[[ Available data open ]]

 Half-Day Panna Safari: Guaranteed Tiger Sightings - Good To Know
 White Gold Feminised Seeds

[[ Available data closed ]]
[[ Available data open ]]

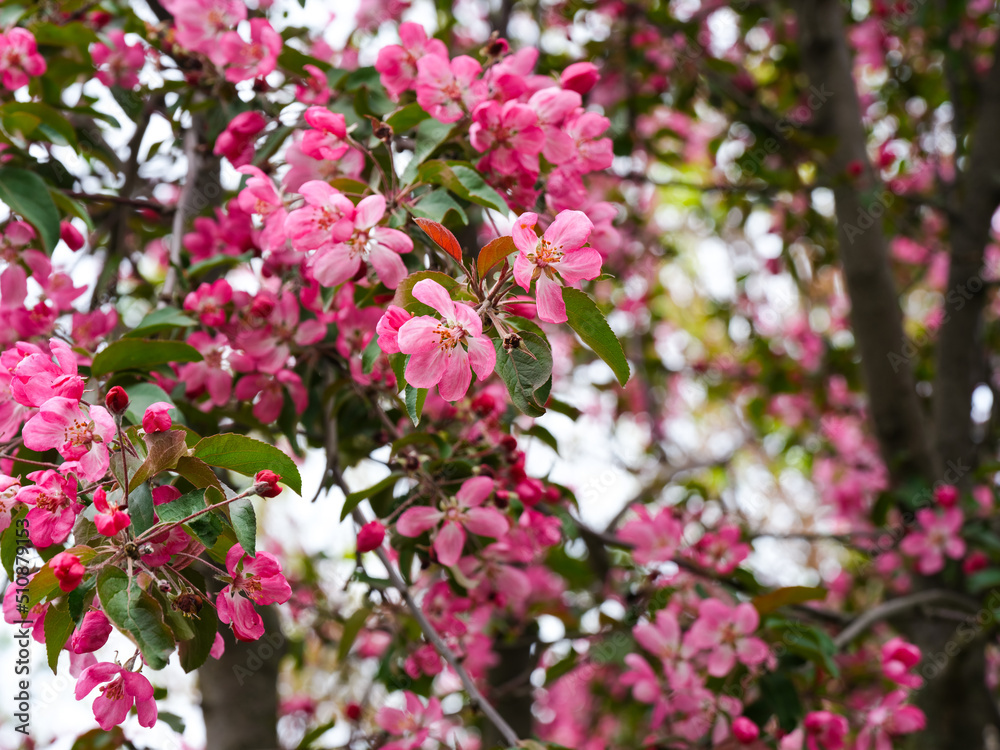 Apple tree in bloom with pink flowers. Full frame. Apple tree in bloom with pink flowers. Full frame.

[[ Available data closed ]]
[[ Available data open ]]

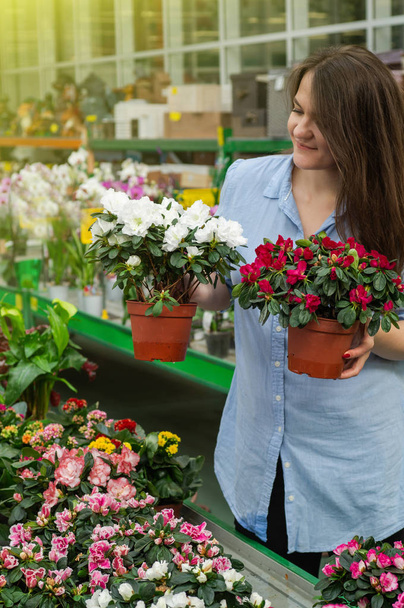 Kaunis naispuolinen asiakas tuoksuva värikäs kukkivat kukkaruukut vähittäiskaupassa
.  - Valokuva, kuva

[[ Available data closed ]]

# Assignment
Copy out each line of the data above, exactly, if it lies between the line holding "Half-Day Panna Safari: Guaranteed" and the line holding "White Gold Feminised Seeds", inclusive; copy no other line.

# Written response
 Half-Day Panna Safari: Guaranteed Tiger Sightings - Good To Know
 White Gold Feminised Seeds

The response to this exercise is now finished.